[Stored items from a collection]
::::

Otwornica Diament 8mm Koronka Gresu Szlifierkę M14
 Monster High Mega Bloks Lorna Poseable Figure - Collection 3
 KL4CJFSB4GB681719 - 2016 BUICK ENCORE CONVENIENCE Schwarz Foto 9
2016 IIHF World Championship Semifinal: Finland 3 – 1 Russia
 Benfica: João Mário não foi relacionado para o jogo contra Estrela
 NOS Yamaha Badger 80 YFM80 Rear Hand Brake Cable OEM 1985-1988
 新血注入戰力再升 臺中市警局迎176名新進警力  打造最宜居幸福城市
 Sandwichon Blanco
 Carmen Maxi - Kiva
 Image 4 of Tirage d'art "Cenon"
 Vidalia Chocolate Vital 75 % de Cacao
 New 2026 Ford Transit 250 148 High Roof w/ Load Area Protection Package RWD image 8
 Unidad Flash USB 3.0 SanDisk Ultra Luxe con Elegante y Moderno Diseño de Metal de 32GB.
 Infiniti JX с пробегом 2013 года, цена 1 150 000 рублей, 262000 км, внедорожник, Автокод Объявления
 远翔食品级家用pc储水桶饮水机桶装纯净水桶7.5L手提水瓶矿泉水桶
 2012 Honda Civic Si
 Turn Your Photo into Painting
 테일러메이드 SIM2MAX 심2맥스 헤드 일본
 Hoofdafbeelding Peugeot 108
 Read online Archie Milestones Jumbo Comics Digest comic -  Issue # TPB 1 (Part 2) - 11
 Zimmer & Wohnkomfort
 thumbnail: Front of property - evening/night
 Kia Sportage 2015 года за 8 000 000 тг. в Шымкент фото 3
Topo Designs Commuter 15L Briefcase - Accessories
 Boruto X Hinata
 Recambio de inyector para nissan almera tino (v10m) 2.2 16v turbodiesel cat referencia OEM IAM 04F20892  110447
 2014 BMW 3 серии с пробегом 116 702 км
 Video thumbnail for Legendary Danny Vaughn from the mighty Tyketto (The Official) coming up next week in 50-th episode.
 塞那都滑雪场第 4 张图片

::::

### Task goal
Up to and including the line with "2016 IIHF World", write out the records above exactly, starting from their first line.

### Output of the exercise
Otwornica Diament 8mm Koronka Gresu Szlifierkę M14
 Monster High Mega Bloks Lorna Poseable Figure - Collection 3
 KL4CJFSB4GB681719 - 2016 BUICK ENCORE CONVENIENCE Schwarz Foto 9
2016 IIHF World Championship Semifinal: Finland 3 – 1 Russia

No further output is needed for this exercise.